__Information given__:
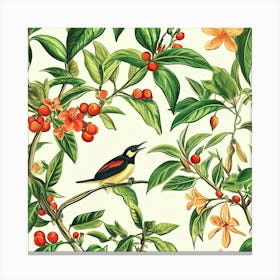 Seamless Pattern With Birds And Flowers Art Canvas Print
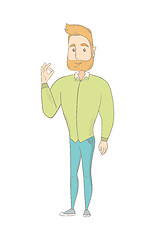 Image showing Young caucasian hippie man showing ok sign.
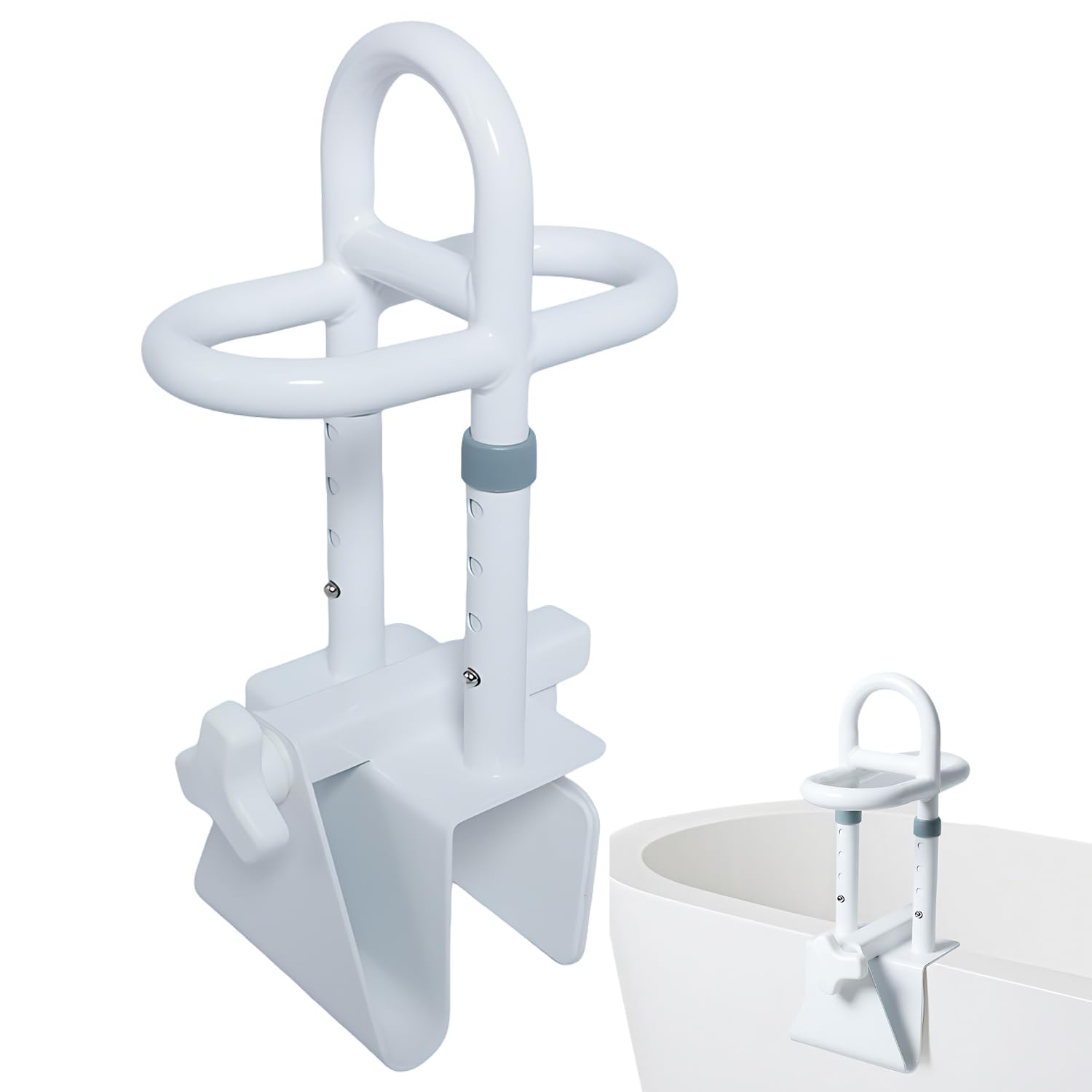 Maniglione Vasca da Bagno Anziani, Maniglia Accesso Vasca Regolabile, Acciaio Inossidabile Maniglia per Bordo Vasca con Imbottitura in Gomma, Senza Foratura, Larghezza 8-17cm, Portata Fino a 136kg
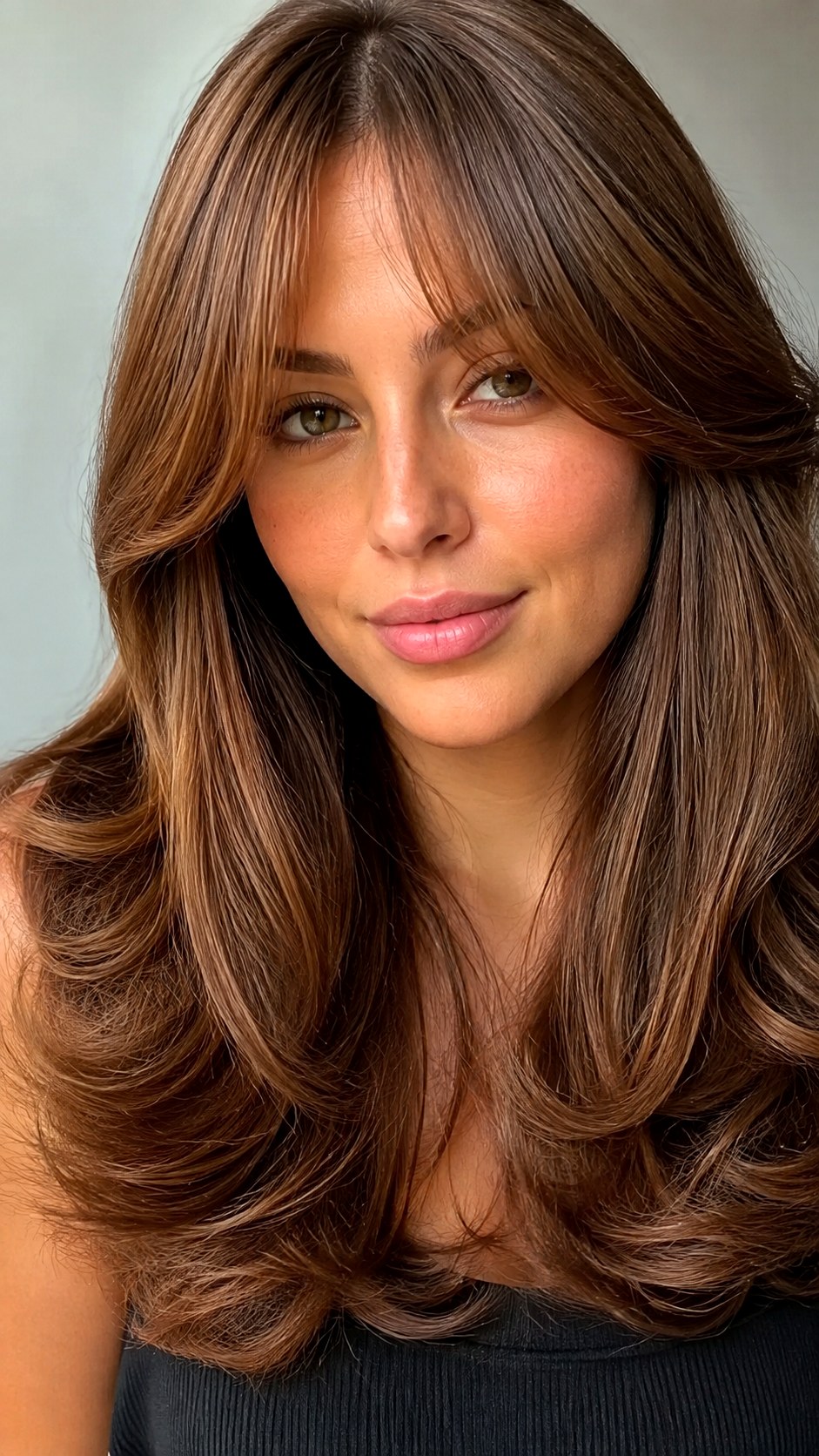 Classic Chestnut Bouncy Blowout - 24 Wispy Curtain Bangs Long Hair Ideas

...

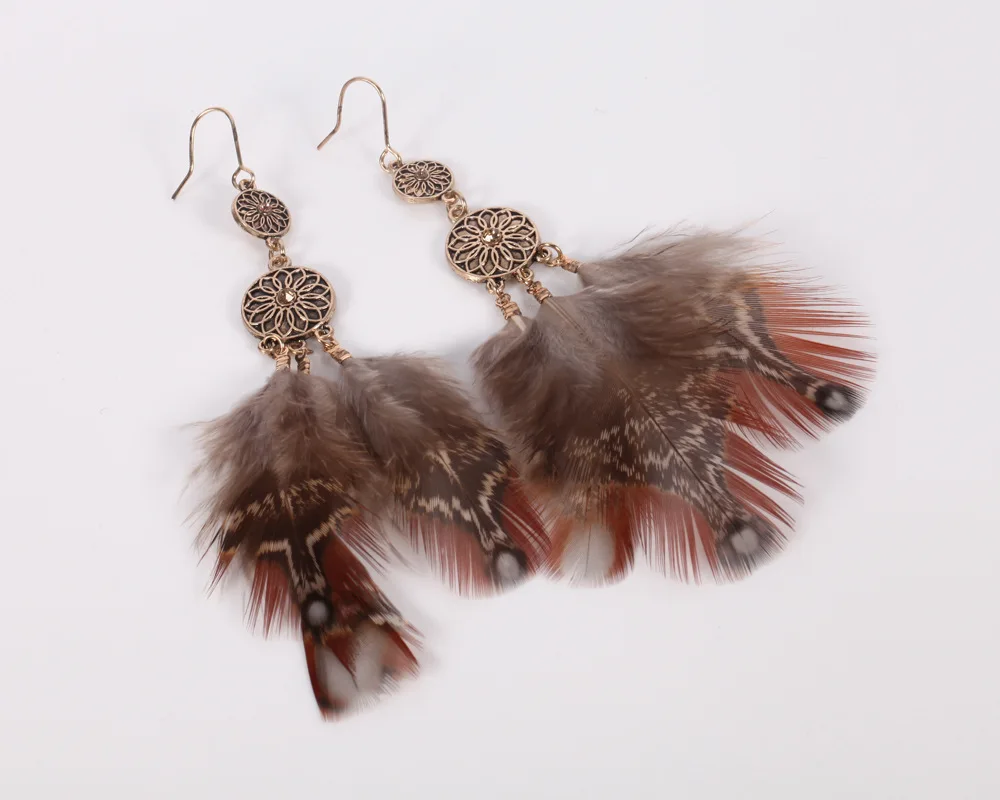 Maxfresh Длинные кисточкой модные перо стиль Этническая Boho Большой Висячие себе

__What the exercise asks__:
Transcribe, word for word, the stretch of lines in the data above from the one with "Seamless Pattern With" through the one with "Classic Chestnut Bouncy"; omit all pictures.

__Problem solution__:
 Seamless Pattern With Birds And Flowers Art Canvas Print
 Image showing Young caucasian hippie man showing ok sign.
 Maniglione Vasca da Bagno Anziani, Maniglia Accesso Vasca Regolabile, Acciaio Inossidabile Maniglia per Bordo Vasca con Imbottitura in Gomma, Senza Foratura, Larghezza 8-17cm, Portata Fino a 136kg
 Classic Chestnut Bouncy Blowout - 24 Wispy Curtain Bangs Long Hair Ideas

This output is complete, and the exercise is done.